_Records for the exercise_
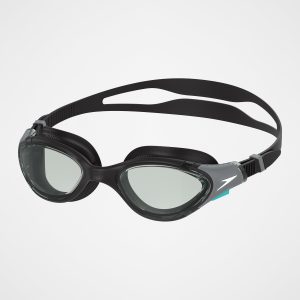 Adult Biofuse 2.0 Optical Goggles Gray/Black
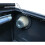 Switzer Switzer Sand Blaster - LED Light Sand Blasting Cabinet Grit Bead SBC90 4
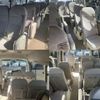 toyota coaster 2015 quick_quick_SKG-XZB40_XZB40-0055014 image 17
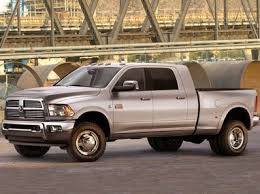 Image result for Case Power Tan 2012 Dodge Truck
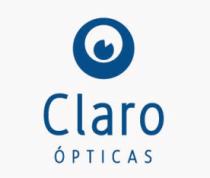 CLARO OPTICAS
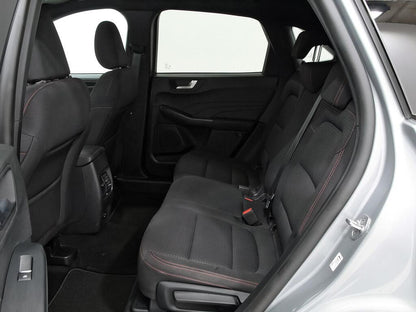 Ford Kuga ST-Line 1.5 EcoBlue 88kW (120CV) Auto  //  38.842 km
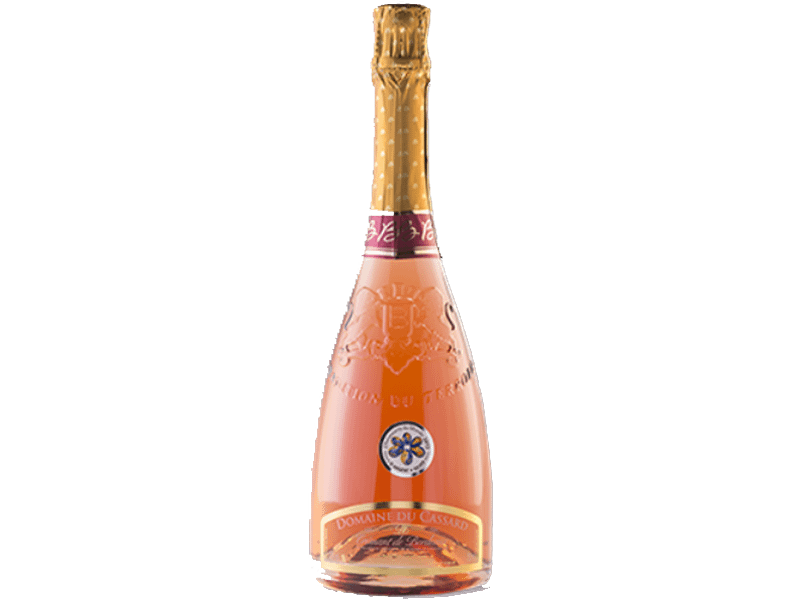 image bouteille de vin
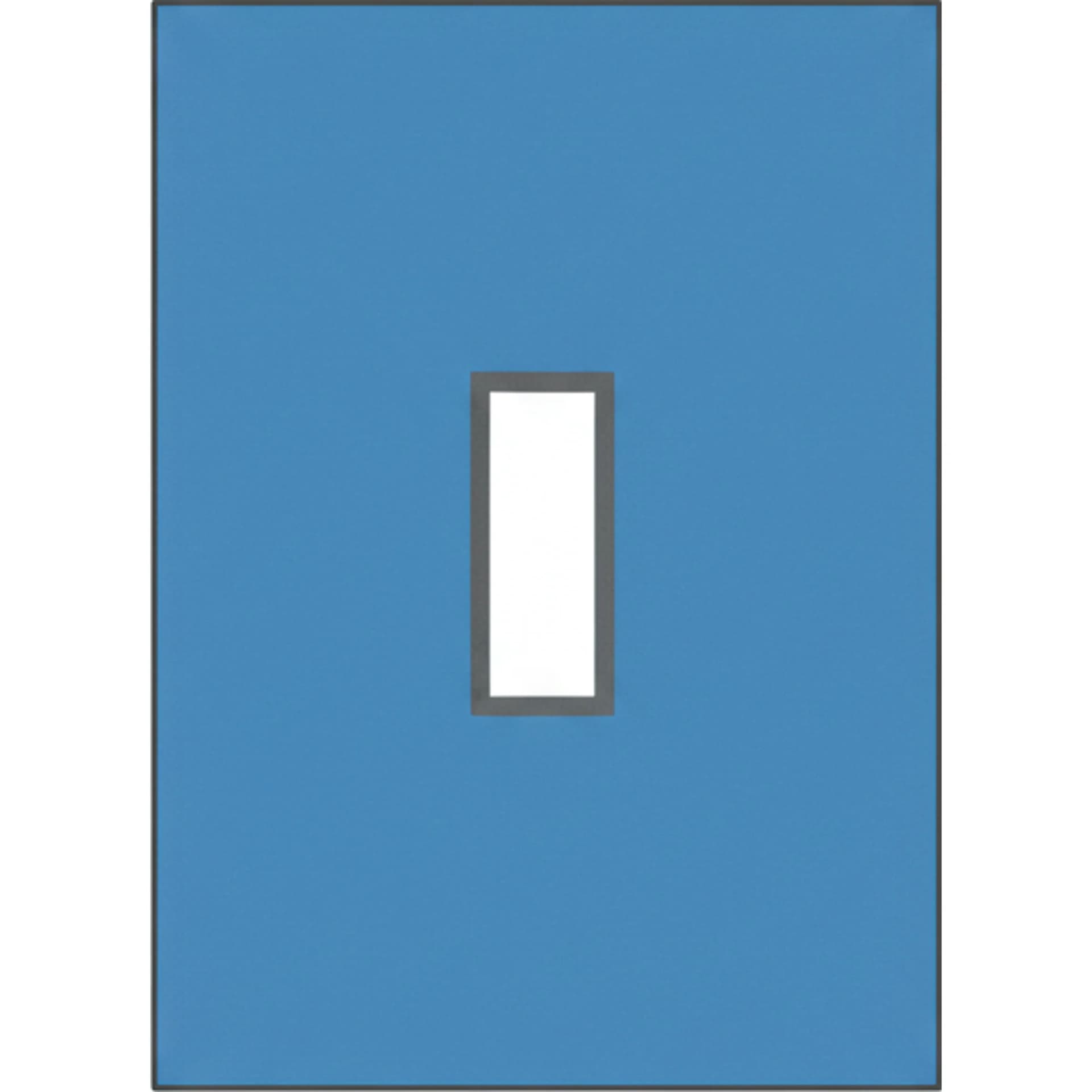 Preview image 1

_Your goal_
Set the pictures aside and transcribe the data above exactly.

_Solved problem_
 Adult Biofuse 2.0 Optical Goggles Gray/Black
 Switzer Switzer Sand Blaster - LED Light Sand Blasting Cabinet Grit Bead SBC90 4
 toyota coaster 2015 quick_quick_SKG-XZB40_XZB40-0055014 image 17
 Image result for Case Power Tan 2012 Dodge Truck
 CLARO OPTICAS
 Ford Kuga ST-Line 1.5 EcoBlue 88kW (120CV) Auto  //  38.842 km
 image bouteille de vin
 Preview image 1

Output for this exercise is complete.